Cancer Care Program, Nova Scotia Health Authority, Nova Scotia, Canada.
Cancer Epidemiol Biomarkers Prev. 2024 Feb 6;33(2):196-205. doi: 10.1158/1055-9965.EPI-23-1006.
Cancer is becoming more of a chronic disease due to improvements in treatment and early detection for multiple cancer sites. To gain insight on increased life expectancy due to these improvements, we quantified trends in the loss in expectation of life (LEL) due to a cancer diagnosis for six cancer sites from 1975 through 2018.
We focused on patients diagnosed with female breast cancer, chronic myeloid leukemia (CML), colon and rectum cancer, diffuse large B-cell lymphoma (DLBCL), lung cancer, or melanoma between 1975 and 2018 from nine Surveillance, Epidemiology, and End Results cancer registries.

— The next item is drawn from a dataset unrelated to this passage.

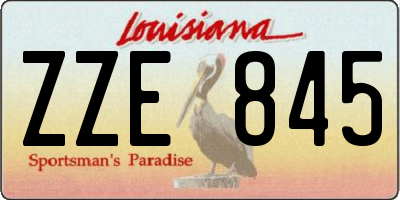 LA license plate ZZE845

Life expectancies for patients with cancer ages 50+ were modeled using flexible parametric survival models. LEL was calculated as the difference between general population life expectancy and life expectancy for patients with cancer.
Over 2 million patients were diagnosed with one of the six cancers between 1975 and 2018. Large increases in life expectancy were observed between 1990 and 2010 for female breast, DLBCL, and CML. Patients with colon and rectum cancer and melanoma had more gradual improvements in life expectancy. Lung cancer LEL only began decreasing after 2005. Increases in life expectancy corresponded with decreases in LEL for patients with cancer.

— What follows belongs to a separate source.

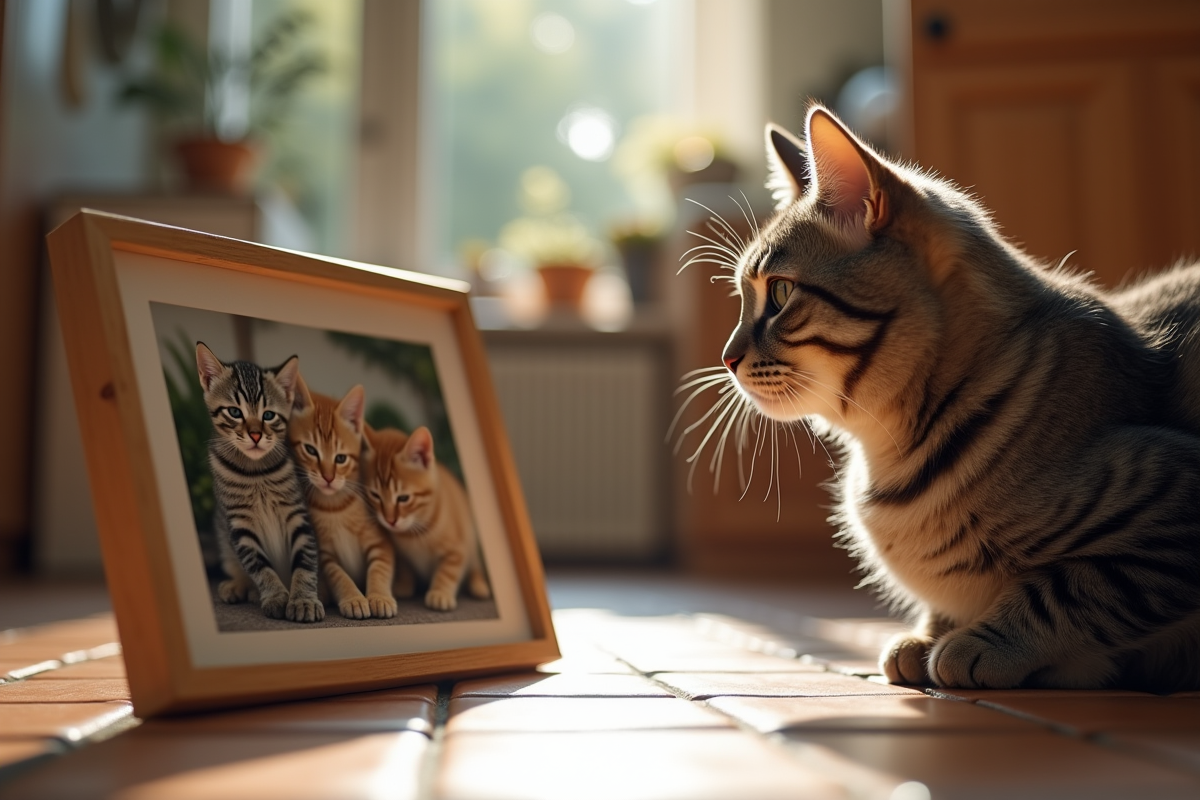 Chat gris observant une photo de chatons dans la cuisine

The reported gains in life expectancy largely correspond to progress in the screening, management, and treatment of these six cancers since 1975.
LEL provides an important public health perspective on how improvements in treatment and early detection and their impacts on survival translate into changes in cancer patients' life expectancy.
由于多种癌症部位的治疗和早期检测取得进展,癌症正日益成为一种慢性病。为深入了解这些进展对预期寿命增加的影响,我们对1975年至2018年六个癌症部位因癌症诊断导致的预期寿命损失(LEL)趋势进行了量化。
我们聚焦于1975年至2018年间在九个监测、流行病学和最终结果癌症登记处被诊断为女性乳腺癌、慢性髓性白血病(CML)、结肠直肠癌、弥漫性大B细胞淋巴瘤(DLBCL)、肺癌或黑色素瘤的患者。使用灵活的参数生存模型对50岁及以上癌症患者的预期寿命进行建模。LEL计算为一般人群预期寿命与癌症患者预期寿命之间的差值。
1975年至2018年间,超过200万患者被诊断患有六种癌症之一。1990年至2010年间,女性乳腺癌、DLBCL和CML患者的预期寿命大幅增加。结肠直肠癌和黑色素瘤患者的预期寿命改善较为缓慢。肺癌LEL直到2005年后才开始下降。预期寿命的增加与癌症患者LEL的下降相对应。
报告的预期寿命增加在很大程度上与自1975年以来这六种癌症在筛查、管理和治疗方面的进展相对应。
LEL为治疗和早期检测的改善及其对生存的影响如何转化为癌症患者预期寿命的变化提供了一个重要的公共卫生视角。